▶ WHAT YOU WILL DO
Please copy the entries below word for word, leaving out any image.

(Recorded data)
────

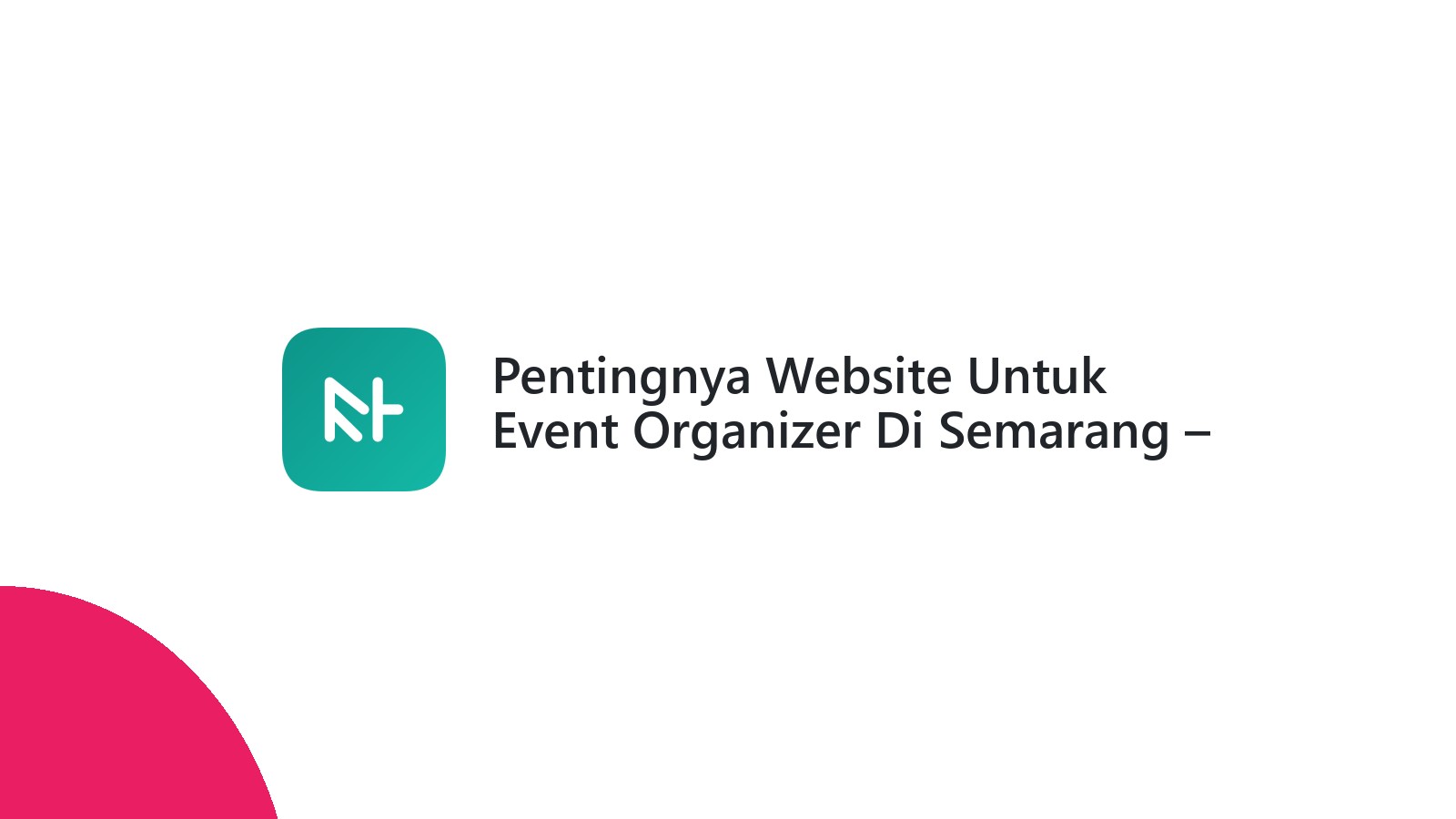 Pentingnya Website Untuk Event Organizer Di Semarang ΓÇô Solusi Digital Yang Efektif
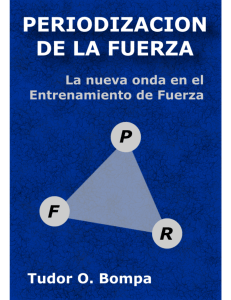 Periodización de la Fuerza: Entrenamiento Deportivo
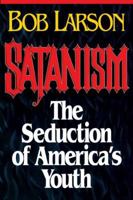 Satanism: The Seduction of America's Youth 0840730349 Book Cover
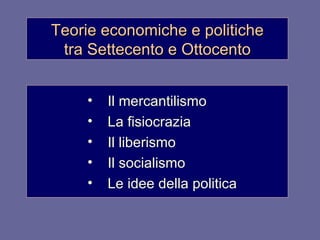 Teorie economiche e politiche tra Settecento e Ottocento Il mercantilismo La fisiocrazia Il liberismo  Il socialismo  Le idee della politica 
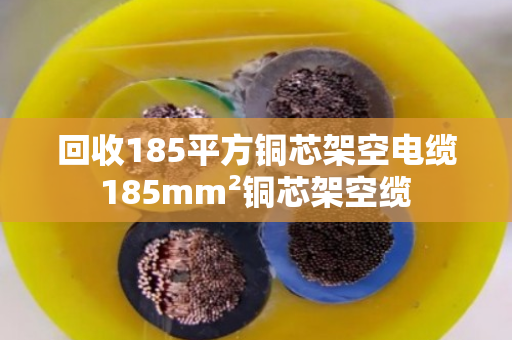 回收185平方铜芯架空电缆 185mm²铜芯架空缆 
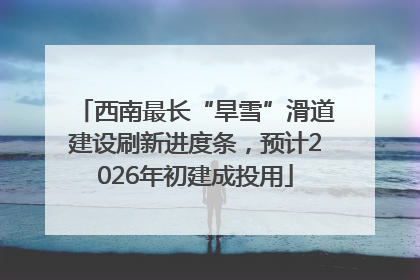 西南最长“旱雪”滑道建设刷新进度条，预计2026年初建成投用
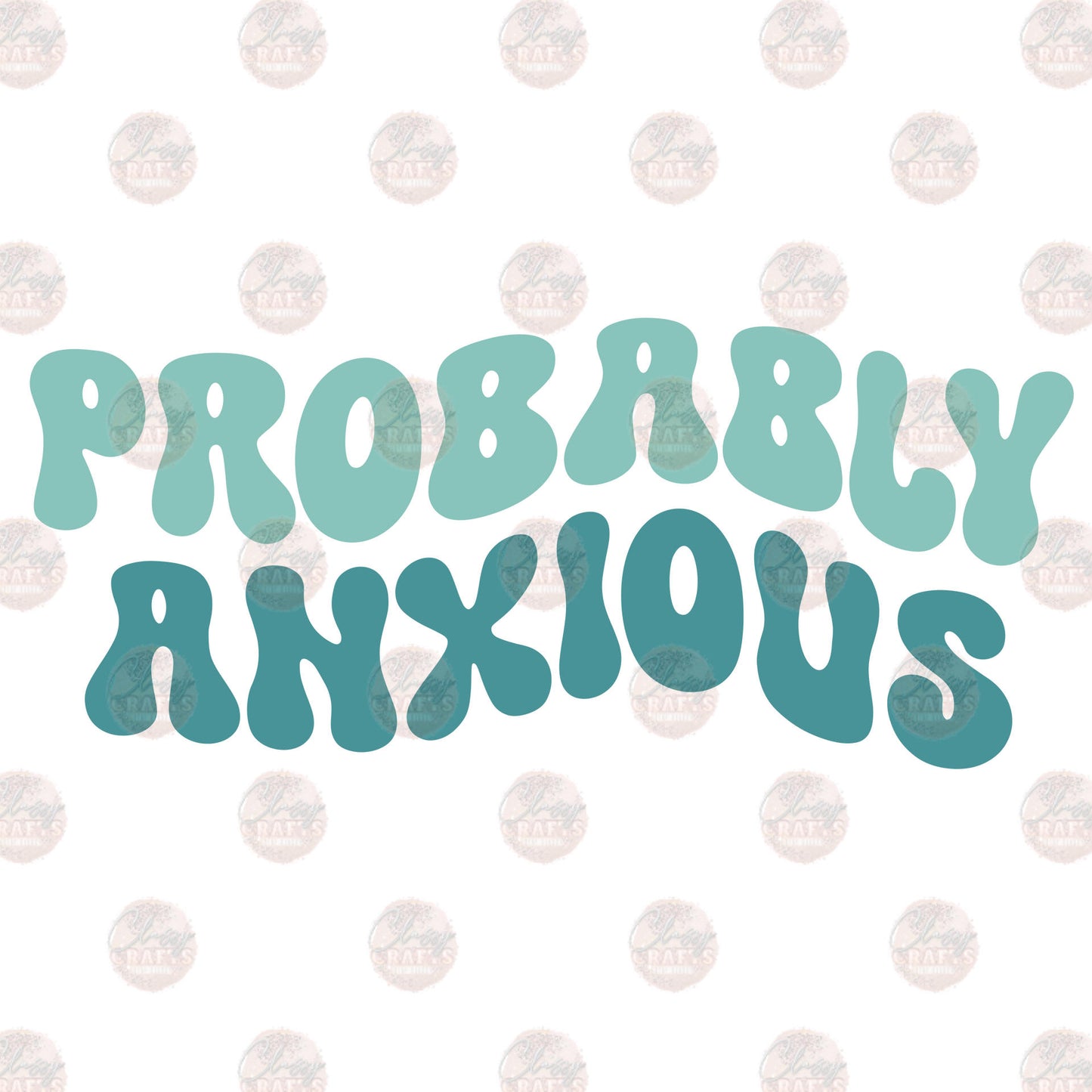 Probably Anxious 2 Transfer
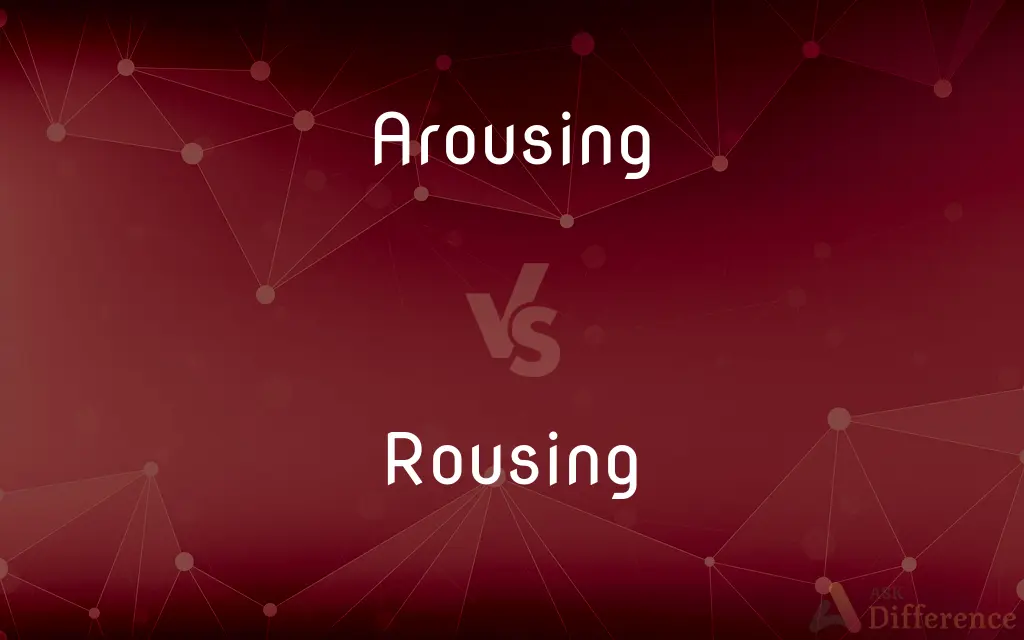 Arousing vs. Rousing — What's the Difference?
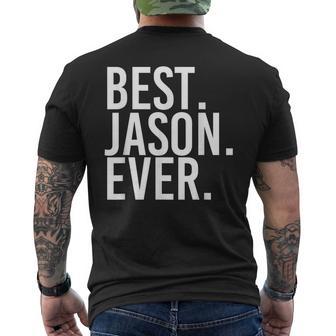 Best Jason Ever Father's Idea Men's T-shirt Back Print - Monsterry UK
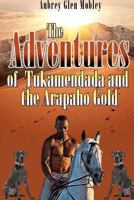 The Adventures of Tukamendada and the Arapaho Gold 1470071657 Book Cover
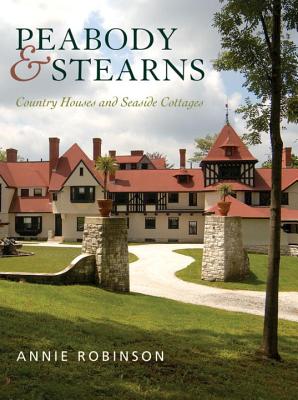 Peabody & Stearns: Country Houses and Seaside Cottages - Robinson, Annie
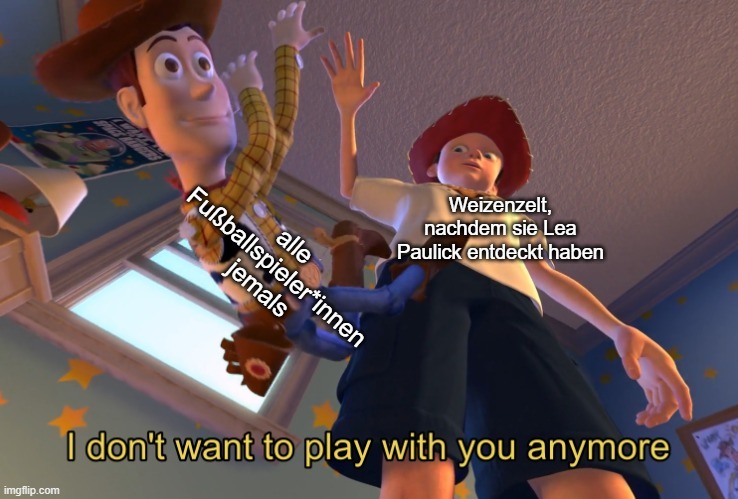 Das Kind aus Toy Story Andy beschriftet mit "Weizenzelt, nachdem sie Lea Paulick entdeckt haben" schmeißt Woody, beschriftet mit "Alle Fußballspieler*innen jemals" zu Boden und sagt "I dont want to play with you anymore"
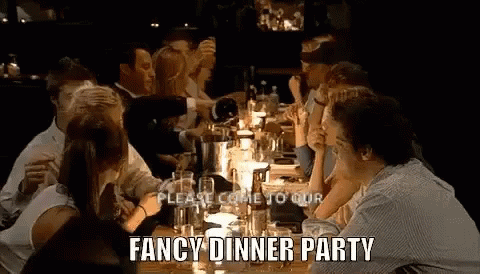 Fancy Dinner Fancy Dinner Party GIF - Fancy Dinner Fancy Dinner Party Dinner Party GIFs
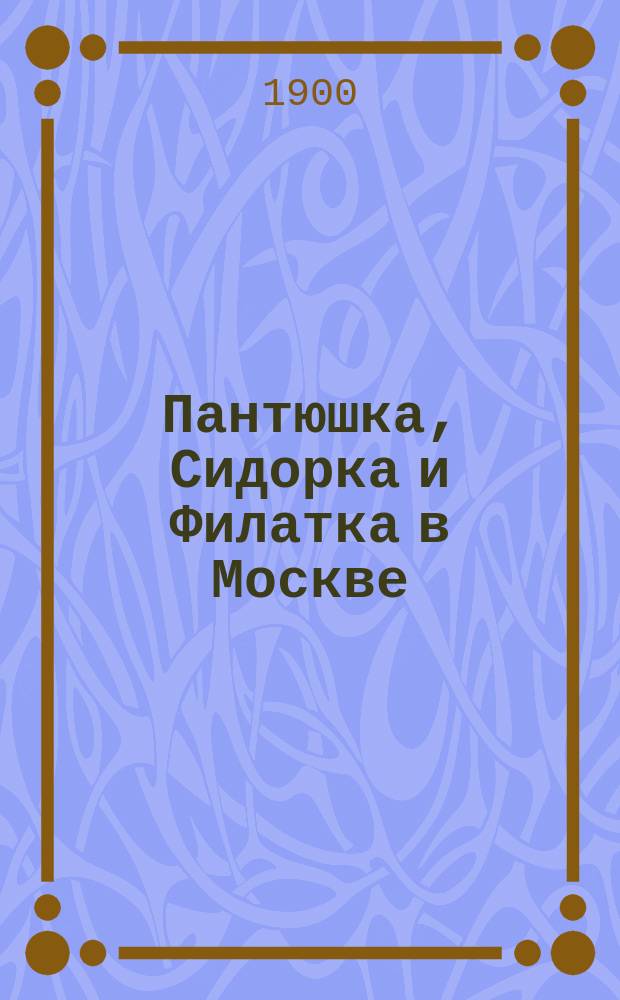 Пантюшка, Сидорка и Филатка в Москве : Черты характера и словесности рус. крестьян
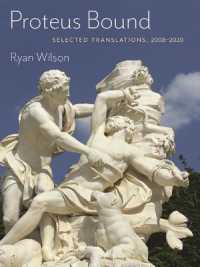 Proteus Bound : Selected Translations, 2008-2020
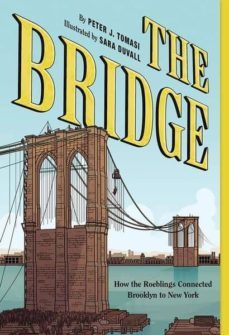the bridge: how the roeblings connected brooklyn t-9781419736162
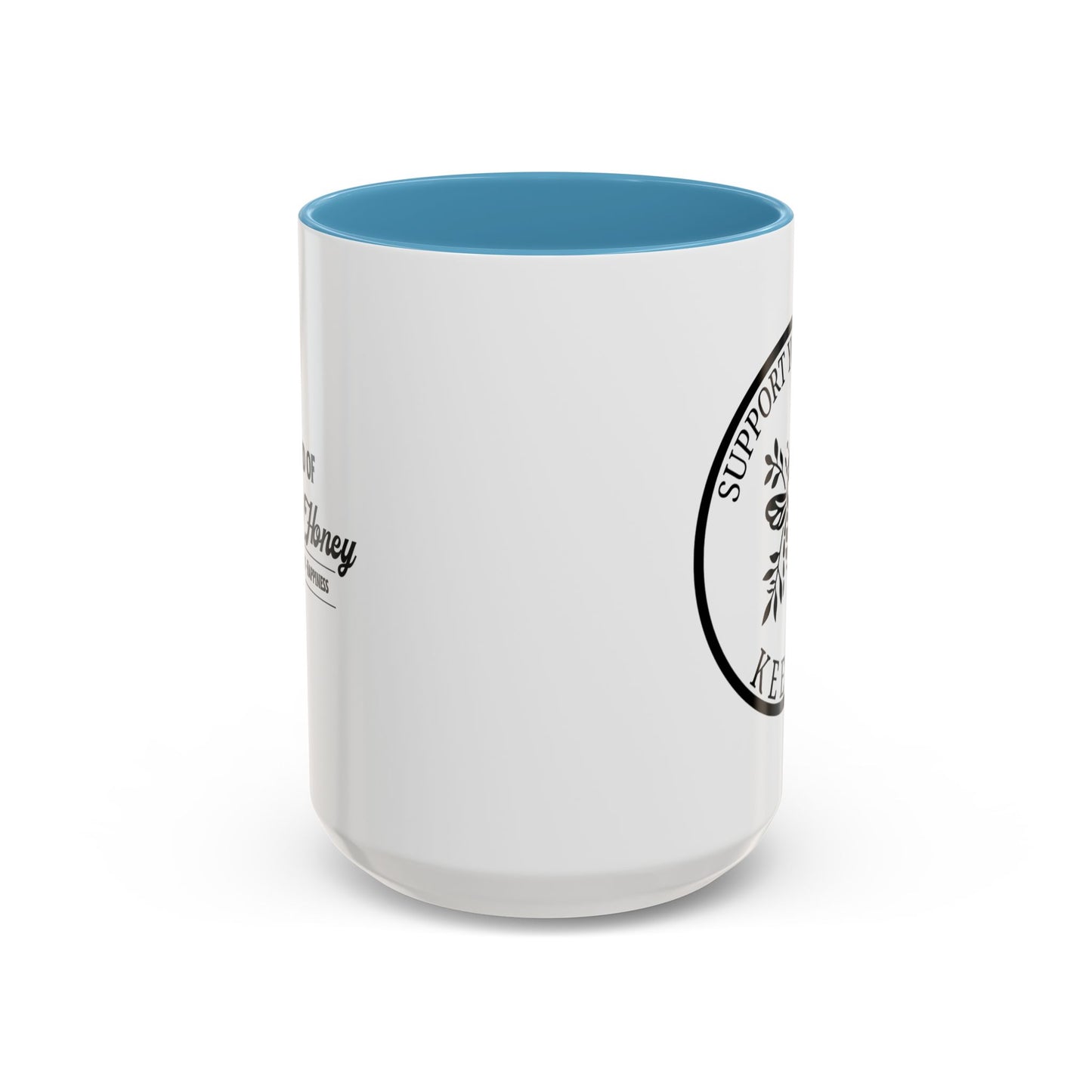 Support Your Local Keeper Coffee Mug - 11oz & 15oz Accent Mugs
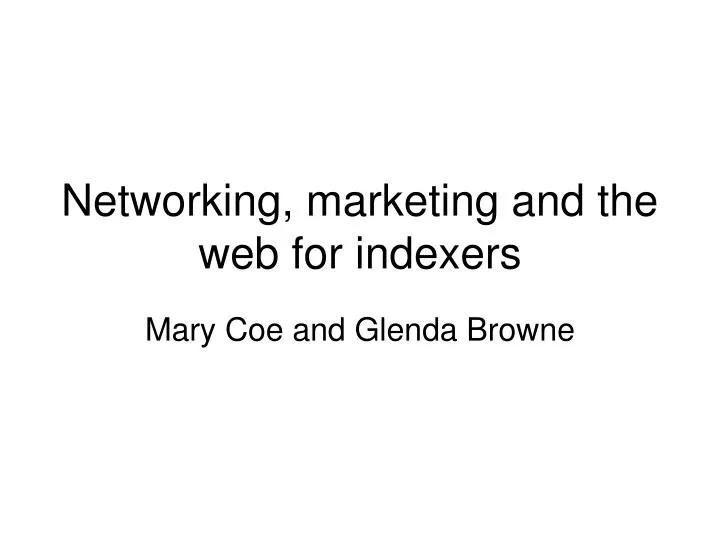 networking marketing and the web for indexers
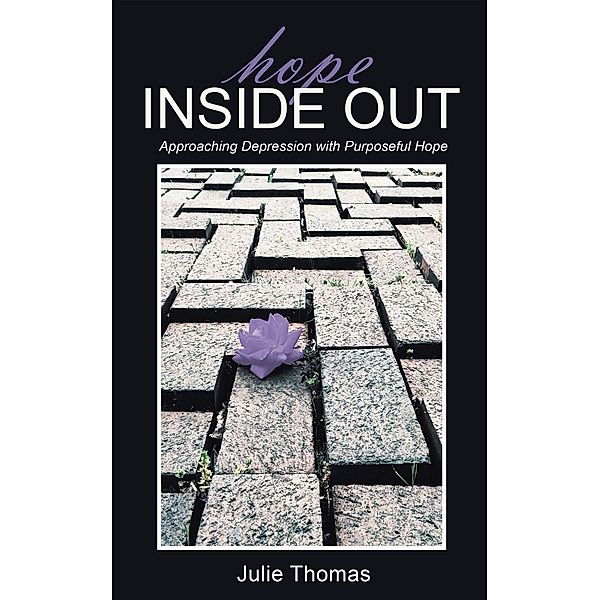 Hope Inside Out, Julie Thomas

────

▶ RESPONSE BELOW
 Pentingnya Website Untuk Event Organizer Di Semarang ΓÇô Solusi Digital Yang Efektif
 Periodización de la Fuerza: Entrenamiento Deportivo
 Satanism: The Seduction of America's Youth 0840730349 Book Cover
 Teorie economiche e politiche tra Settecento e Ottocento Il mercantilismo La fisiocrazia Il liberismo  Il socialismo  Le idee della politica 
 回收185平方铜芯架空电缆 185mm²铜芯架空缆 
 西南最长“旱雪”滑道建设刷新进度条，预计2026年初建成投用
 Probably Anxious 2 Transfer
 Arousing vs. Rousing — What's the Difference?
 Best Jason Ever Father's Idea Men's T-shirt Back Print - Monsterry UK
 The Adventures of Tukamendada and the Arapaho Gold 1470071657 Book Cover
 Peabody & Stearns: Country Houses and Seaside Cottages - Robinson, Annie
 Das Kind aus Toy Story Andy beschriftet mit "Weizenzelt, nachdem sie Lea Paulick entdeckt haben" schmeißt Woody, beschriftet mit "Alle Fußballspieler*innen jemals" zu Boden und sagt "I dont want to play with you anymore"
 Fancy Dinner Fancy Dinner Party GIF - Fancy Dinner Fancy Dinner Party Dinner Party GIFs
 Пантюшка, Сидорка и Филатка в Москве : Черты характера и словесности рус. крестьян
 Proteus Bound : Selected Translations, 2008-2020
the bridge: how the roeblings connected brooklyn t-9781419736162
 Support Your Local Keeper Coffee Mug - 11oz & 15oz Accent Mugs
 networking marketing and the web for indexers
 Hope Inside Out, Julie Thomas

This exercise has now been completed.